Vedremo sullo schermo per la prima volta le facce dei babyboss e ascolteremo il loro racconto, diretto e senza alcuna mediazione, attraverso il quale descrivono un intero popolo giovane ridotto a carne da macello, che ha evaso, nell’indifferenza delle istituzioni, qualunque obbligo scolastico.
I giovani di cui ascolteremo le voci non parlano l’italiano e hanno i denti devastati dalla droga, ma riescono comunque a esprimere sentimenti e passioni. La concezione del mondo che hanno questi “soldati bambino” può essere riassunta da questa frase: “Tu queste cose le devi fare, ora. Perché se vai in galera per vent’anni, esci e hai tutta la vita davanti”.
A 15 anni questi adolescenti imparano a sparare e a 20 sono già killer consumati, tanto da non arrivare spesso ai 30. Attraverso “Robinù” Michele Santoro ci parla quindi di quei ragazzi della “paranza dei bambini” resi famosi dalla penna di Roberto Saviano e lo fa con un toccante documentario selezionato ai Nastri d’argento 2017 nella sezione “Cinema del Reale” e presentato, oltreché a Venezia, all’International Documentary Filmfestival di Amsterdam (IDFA), all’Atlántida Film Festival di Palma di Maiorca e alla 20° edizione del Shanghai Film Festival.

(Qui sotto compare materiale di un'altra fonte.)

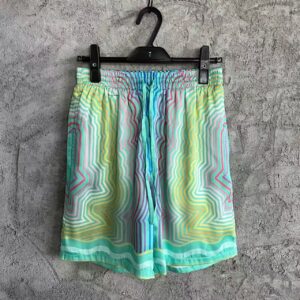 「#3298」CASABLANCA Spring/Summer Blue Line Printed Silk Shorts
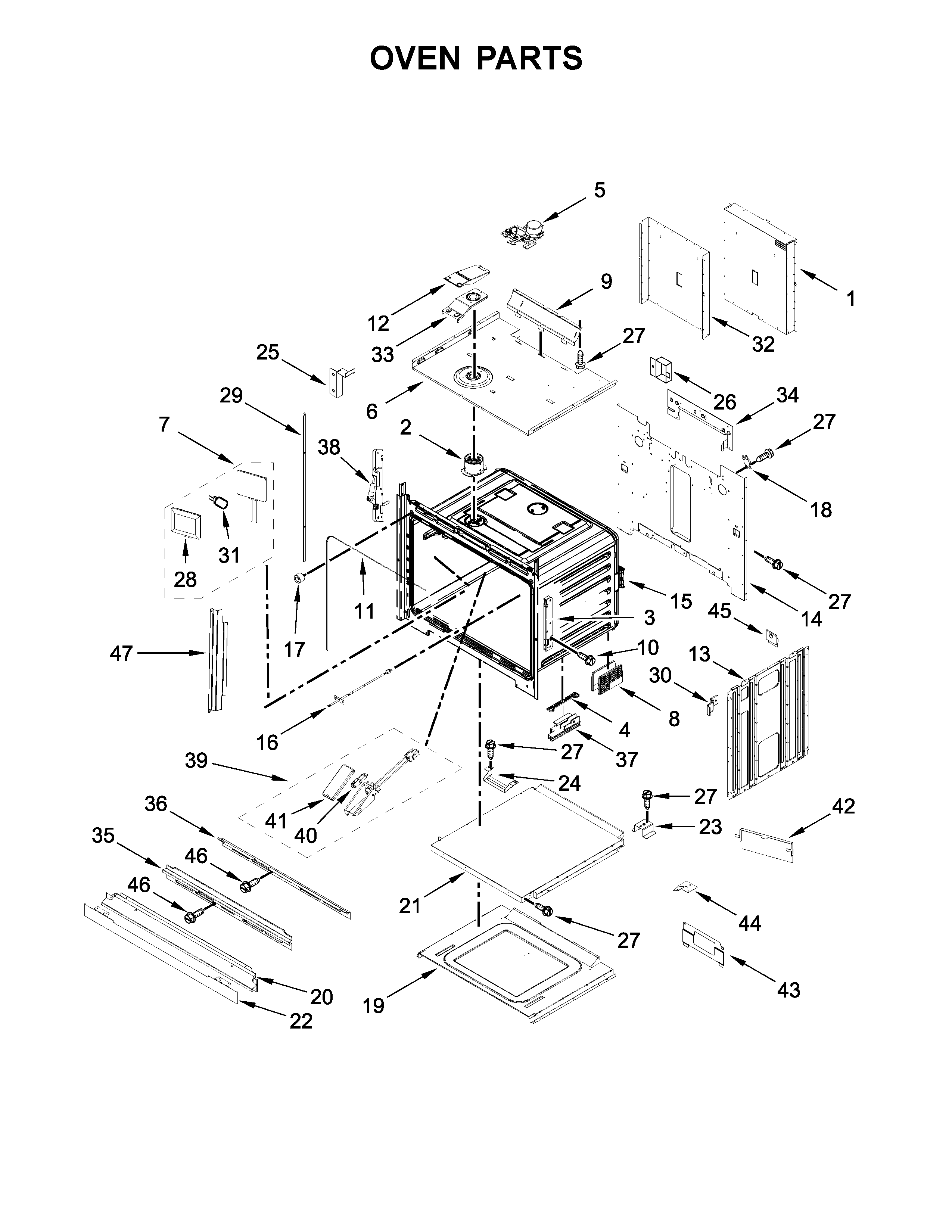 Jenn-Air JJW3830DS01 oven parts diagram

Il film è stato presentato in anteprima nel carcere di Poggioreale, lì dove è stato girato, alla presenza del Ministro della Giustizia Andrea Orlando e con un videomessaggio del Presidente della Repubblica Sergio Mattarella dedicato ai ragazzi protagonisti. La pellicola ci racconta di una Napoli in cui bande di adolescenti si combattono a colpi di kalashnikov in una guerra che conta una sessantina di morti.